--- Material for this exercise ---

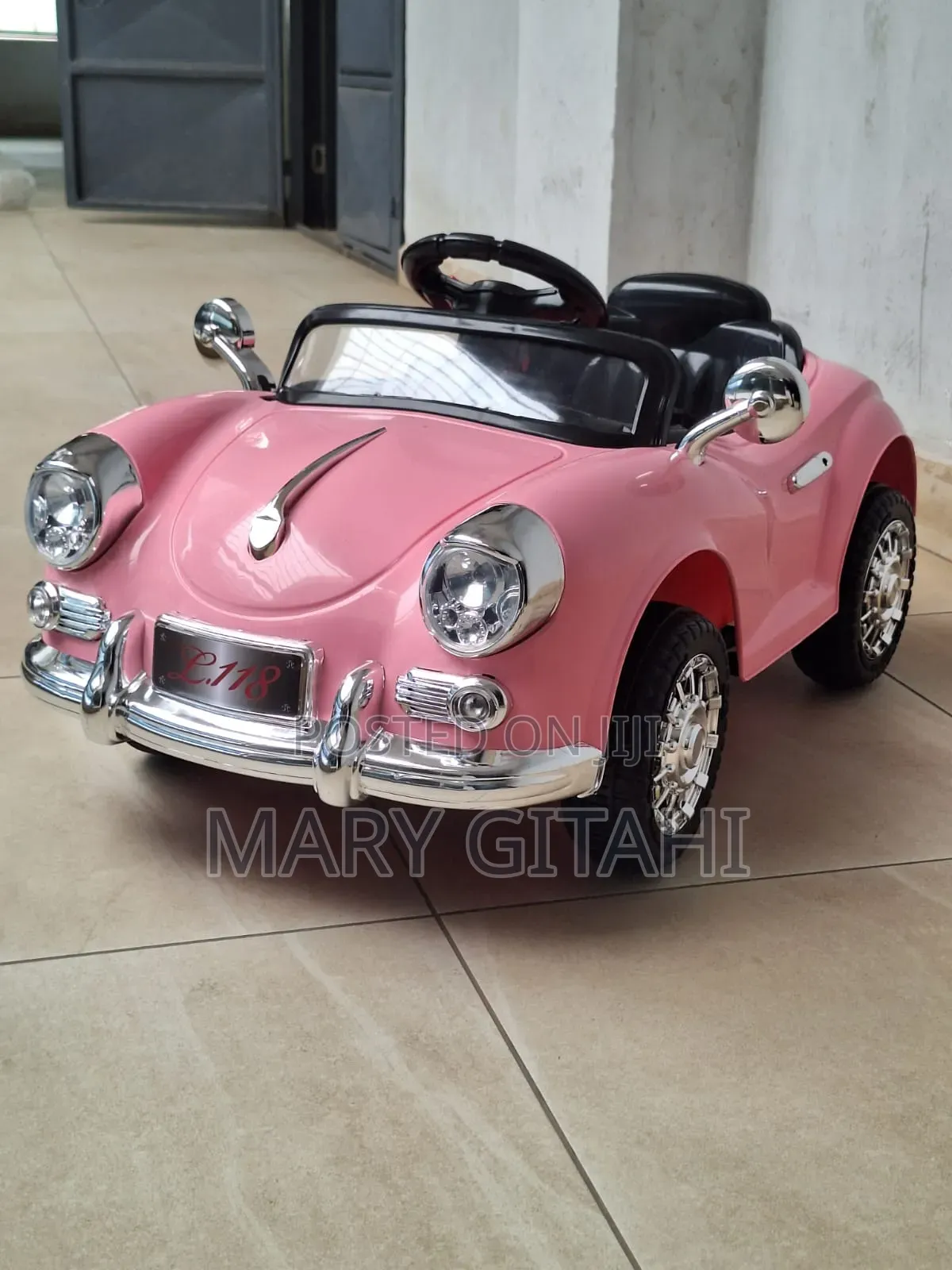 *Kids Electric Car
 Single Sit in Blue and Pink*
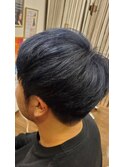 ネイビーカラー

---
--- Material for this exercise ---

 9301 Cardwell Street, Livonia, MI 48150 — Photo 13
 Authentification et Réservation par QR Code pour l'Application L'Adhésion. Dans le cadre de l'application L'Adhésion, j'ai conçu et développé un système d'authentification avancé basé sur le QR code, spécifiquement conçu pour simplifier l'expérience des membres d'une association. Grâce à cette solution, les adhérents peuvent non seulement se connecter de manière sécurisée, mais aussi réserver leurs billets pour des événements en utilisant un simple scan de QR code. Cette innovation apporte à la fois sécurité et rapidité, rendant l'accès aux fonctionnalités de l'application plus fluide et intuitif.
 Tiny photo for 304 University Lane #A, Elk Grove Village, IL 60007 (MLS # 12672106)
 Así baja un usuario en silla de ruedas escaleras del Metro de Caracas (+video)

---
--- Material for this exercise ---

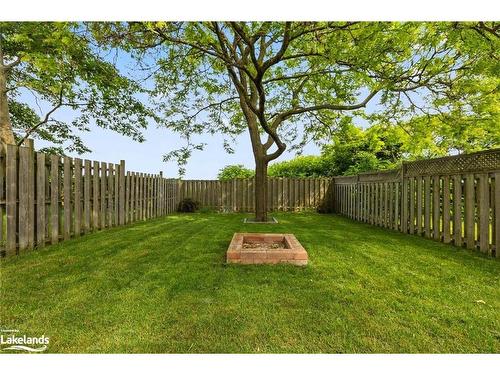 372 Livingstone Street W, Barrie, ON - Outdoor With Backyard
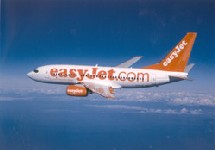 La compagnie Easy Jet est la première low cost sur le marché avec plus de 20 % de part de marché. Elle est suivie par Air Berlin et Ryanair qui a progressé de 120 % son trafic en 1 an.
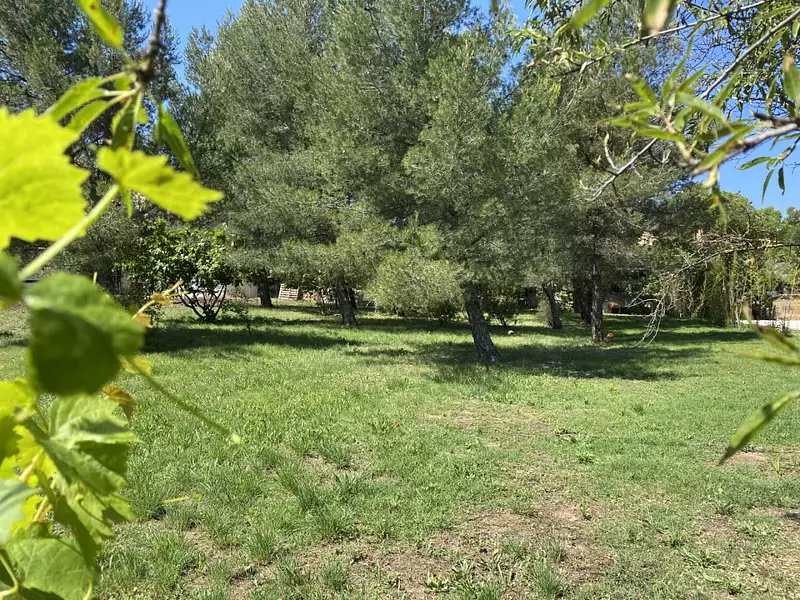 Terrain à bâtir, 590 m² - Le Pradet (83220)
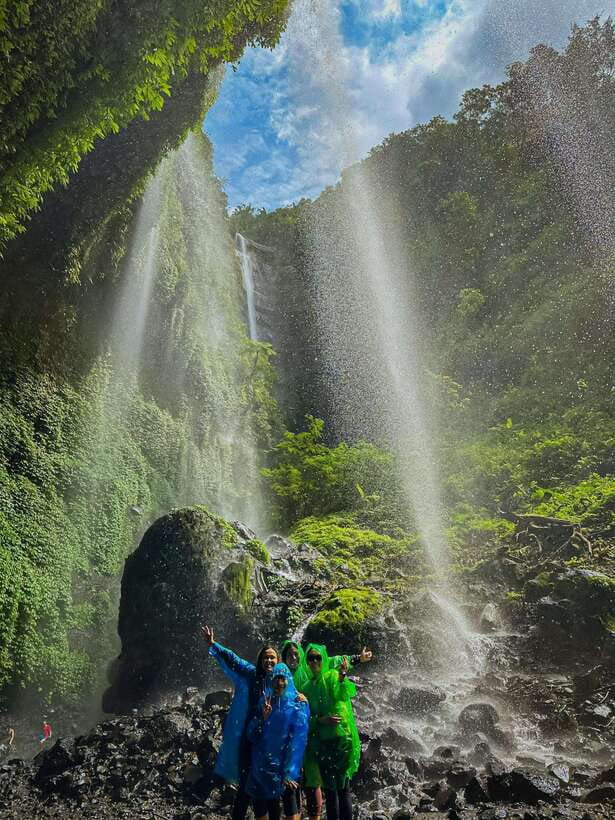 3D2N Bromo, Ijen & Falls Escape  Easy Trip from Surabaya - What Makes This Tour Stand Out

---

Exercise description -> Go to the line above that contains "Terrain à bâtir, 590 m² - Le Pradet (83220)" and reproduce everything exactly from there through the line that contains "3D2N Bromo, Ijen", leaving out the pictures.

Problem solution ->
 Terrain à bâtir, 590 m² - Le Pradet (83220)
 3D2N Bromo, Ijen & Falls Escape  Easy Trip from Surabaya - What Makes This Tour Stand Out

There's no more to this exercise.